Un lien entre le coronavirus et ces cas d’hépatite aiguë qui laisse ce spécialiste dubitatif.
D’abord, parce que plusieurs enfants touchés n’ont pas été infectés par le Covid-19 en même temps.
Ensuite, s’il s’agissait d’un symptôme encore méconnu du Covid-19, « il y aurait probablement eu beaucoup plus de cas d’hépatite, vu la vitesse de propagation du Sars-CoV-2 », estime Will Irving.
Les autorités sanitaires britanniques ont même enquêté pour savoir s’il pouvait s’agir d’un effet indésirable d’un vaccin contre le Covid-19.
Mais aucun des enfants malades n’a été vacciné.
« C’est peut-être la seule bonne nouvelle de cette histoire.
Au moins l’antivax ne pourra pas s’en emparer », note Alastair Sutcliffe.
Il peut également y avoir un lien plus indirect avec la pandémie.
Les confinements successifs ont pu jouer un rôle, suggèrent tous les experts interrogés par France 24. « On a une maladie anormale qui apparaît dans un contexte sanitaire anormal, il est logique de se demander s’il n’y a pas de lien », souligne Alastair Sutcliffe.
Dans ce cas, « les enfants développent leur système immunitaire au contact des virus, mais depuis deux ans les plus jeunes sont protégés par des confinements et des mesures de distanciation, ce qui signifie que leur système immunitaire n’a pas adaptés à certains virus », explique Graham Cooke.

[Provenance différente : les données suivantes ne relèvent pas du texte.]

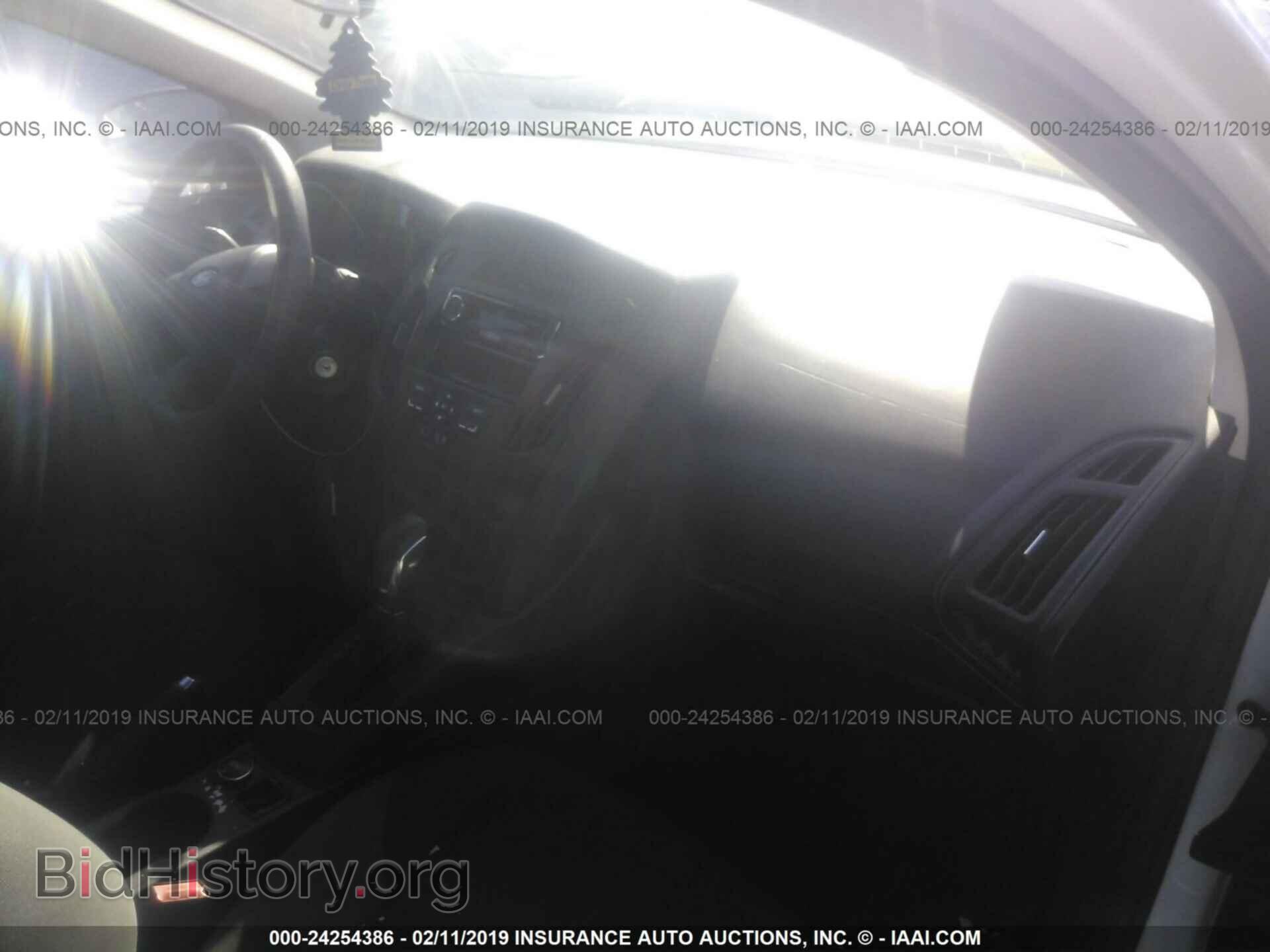 2012 FORD FOCUS - VIN: 1FAHP3E23CL451989 - Фото 5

La piste de l’adénovirus AD-41 Certains pensent même avoir identifié un possible coupable : AD-41.
Il s’agit d’un adénovirus – une grande famille de virus le plus souvent responsables de symptômes très bénins comme le rhume ou la fatigue – « qui est connu pour provoquer des gastro-entérites chez l’enfant, mais qui n’a pour l’instant jamais été associé à un risque d’hépatite ». note Will Irving.
La présence de cet adénovirus a été détectée chez plusieurs enfants atteints d’hépatite « mystère » au Royaume-Uni et « on sait qu’il y a actuellement une forte augmentation des infections par cet adénovirus dans la population britannique », reconnaît Graham Cooke.

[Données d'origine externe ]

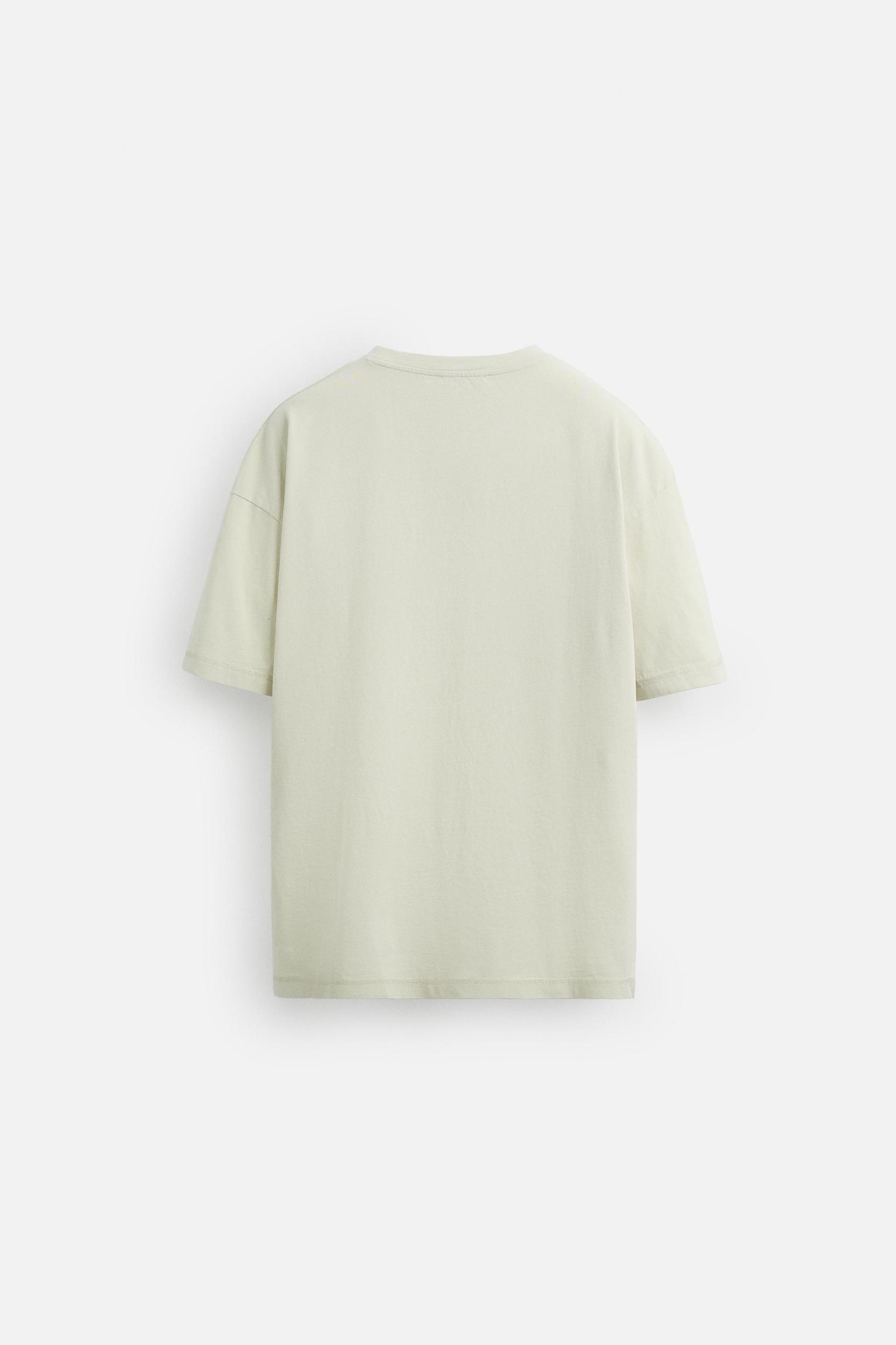 WASHED TEXT T-SHIRT Product Image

« C’est assez effrayant de penser que le confinement puis l’assouplissement des mesures sanitaires [qui ont permis de favoriser la propagation de l’adénovirus] ont pu permettre de découvrir une nouvelle cause d’hépatite », remarque Alastair Sutcliffe.
Mais encore une fois, rien n’est sûr.
L’AD-41 n’était en effet pas présent chez tous les jeunes atteints d’hépatite.

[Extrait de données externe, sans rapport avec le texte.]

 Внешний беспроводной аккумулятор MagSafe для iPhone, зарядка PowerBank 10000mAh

« Ce n’est pas forcément une réfutation de la thèse d’un lien entre cet adénovirus et des cas d’hépatite – on pourrait, par exemple, ne pas chercher au bon endroit – mais ça l’affaiblit », reconnaît Graham Cooke.
Reste l’hypothèse de la découverte d’un tout nouveau virus à l’origine de ces infections.
« Ce serait quand même extraordinaire, étant donné qu’on est toujours dans un contexte pandémique dû, justement, à un nouveau virus », estime Alastair Sutcliffe.
D’autant plus surprenant qu’on passerait d’un nouveau virus largement inoffensif pour les plus jeunes à un autre pathogène qui semble cibler les enfants, ou du moins provoquer des formes graves exclusivement chez eux.
Cette dernière hypothèse serait la plus facile à vérifier.
« Nous disposons de techniques avancées pour identifier la présence d’ADN ou d’ARN étranger – ce qui suggère l’existence d’un virus – dans des tissus prélevés, en l’occurrence, sur des morceaux de foie d’enfants infectés », résume Will Irving.
En revanche, s’il s’agit de découvrir si tous ces enfants ont été exposés à la même toxine ou à un aliment contaminé, ce sera une affaire beaucoup plus compliquée.